L’importance démesurée que l’on accorde aux aires protégées peut conduire à l’interdiction de l’agriculture et mettre en lumière le besoin vital d’instaurer des systèmes de production alimentaire inclusifs, résilients et s’appuyant sur la biodiversité. Le projet révisé de l’accord-cadre diffusé le mois dernier concerne l’agriculture pour la production alimentaire, tout en occultant le fait que les paysages de cultures et d’arbres en mosaïque peuvent relier des habitats naturels et assurer le maintien des services écosystémiques.

 

La souveraineté sur le code génétique numérique est une autre pierre d’achoppement, en particulier pour les pays africains qui ne veulent pas perdre l’accès à leurs propres trésors naturels à cause du biopiratage. L’accord pourrait s’avérer décevant à cause d’une dilution, bien que les réflexions aient été alimentées par la base de références scientifiques la plus sérieuse à ce jour.

 

Le Centre de recherche forestière internationale et le Centre international de recherche en agroforesterie (CIFOR-ICRAF) ont contribué à la constitution de cette base de références scientifiques sur la biodiversité dans les paysages naturels et gérés dans plus de 92 pays, grâce à leur expertise sur le terrain (70 ans cumulés pour les deux organismes). Travaillant avec des ministères de l’Agriculture et des Forêts et avec un grand nombre de partenaires locaux, nationaux et internationaux, ils co-créent en fonction de la demande des solutions pertinentes sur le plan local grâce à des partenariats actifs pour certains depuis plusieurs décennies.

 

C’est dans les forêts, les arbres et l’agroforesterie que se trouve la clé permettant de transformer les paysages, les conditions de vie, les communautés et les économies.
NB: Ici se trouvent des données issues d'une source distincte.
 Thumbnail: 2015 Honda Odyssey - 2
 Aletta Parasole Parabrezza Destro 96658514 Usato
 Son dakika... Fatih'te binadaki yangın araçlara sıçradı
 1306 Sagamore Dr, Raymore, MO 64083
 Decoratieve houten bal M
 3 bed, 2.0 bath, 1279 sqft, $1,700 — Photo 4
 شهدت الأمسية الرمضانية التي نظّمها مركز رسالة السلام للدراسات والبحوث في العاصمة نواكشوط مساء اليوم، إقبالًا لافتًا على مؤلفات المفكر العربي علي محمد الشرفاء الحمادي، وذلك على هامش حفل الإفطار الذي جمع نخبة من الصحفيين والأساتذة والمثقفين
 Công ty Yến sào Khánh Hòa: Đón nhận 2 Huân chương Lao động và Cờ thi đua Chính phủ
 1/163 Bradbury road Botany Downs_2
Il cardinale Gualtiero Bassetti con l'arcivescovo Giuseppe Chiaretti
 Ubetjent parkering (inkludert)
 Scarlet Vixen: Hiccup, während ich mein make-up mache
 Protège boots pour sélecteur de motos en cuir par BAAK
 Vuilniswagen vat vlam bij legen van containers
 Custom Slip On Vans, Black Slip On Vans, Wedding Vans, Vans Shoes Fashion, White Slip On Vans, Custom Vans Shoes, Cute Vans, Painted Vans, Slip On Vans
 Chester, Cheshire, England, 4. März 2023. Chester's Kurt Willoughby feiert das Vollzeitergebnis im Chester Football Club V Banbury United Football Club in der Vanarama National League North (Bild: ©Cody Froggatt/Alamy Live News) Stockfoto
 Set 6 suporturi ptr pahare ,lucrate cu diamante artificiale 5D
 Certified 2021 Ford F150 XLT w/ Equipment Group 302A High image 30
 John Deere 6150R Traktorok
Nos travaux relèvent des trois conventions de Rio sur la biodiversité, le climat et la désertification, et livrent des synergies susceptibles de traiter les problèmes du monde d’aujourd’hui, tous interdépendants, notamment la disparition de la biodiversité et la déforestation, la crise climatique, les systèmes alimentaires et les chaînes de valeur non durables, et les inégalités.

 

Dès 2008, nous avons œuvré avec le Secrétariat de la CDB sur de nombreux thèmes, dont l’approche paysagère, la nécessité de systèmes alimentaires inclusifs, résilients et s’appuyant sur la biodiversité,  les forêts et l’agriculture. Nous avons également produit en commun un rapport technique éclairant la mise en œuvre de lignes directrices en faveur d’un secteur de la viande sauvage durable qui ont été validées par les pays membres de la CDB en décembre 2017.

 

Touchant la totalité des sujets abordés par le nouveau cadre, nos études visent à juguler les menaces pesant sur la biodiversité en mettant en exergue le potentiel des arbres sur les exploitations agricoles, afin de renforcer la capacité des pays à atteindre l’objectif 7 d’Aichi (gestion durable des zones consacrées à l’agriculture) grâce à la biodiversité et au bien-être humain, en promouvant les démarches agroécologiques, la nécessité de mettre fin au déclin de la diversité des essences, et le rôle que peut jouer l’agroforesterie , pratiquée de manière appropriée, dans la restauration des écosystèmes forestiers et agricoles. Nos travaux ont contribué à l’amélioration de la qualité physique et génétique des semences d’arbres dans le cadre de la restauration en Éthiopie d’une part, et à l’avancée vers des bioéconomies résilientes par l’exploitation durable du bois et des produits forestiers non ligneux d’autre part.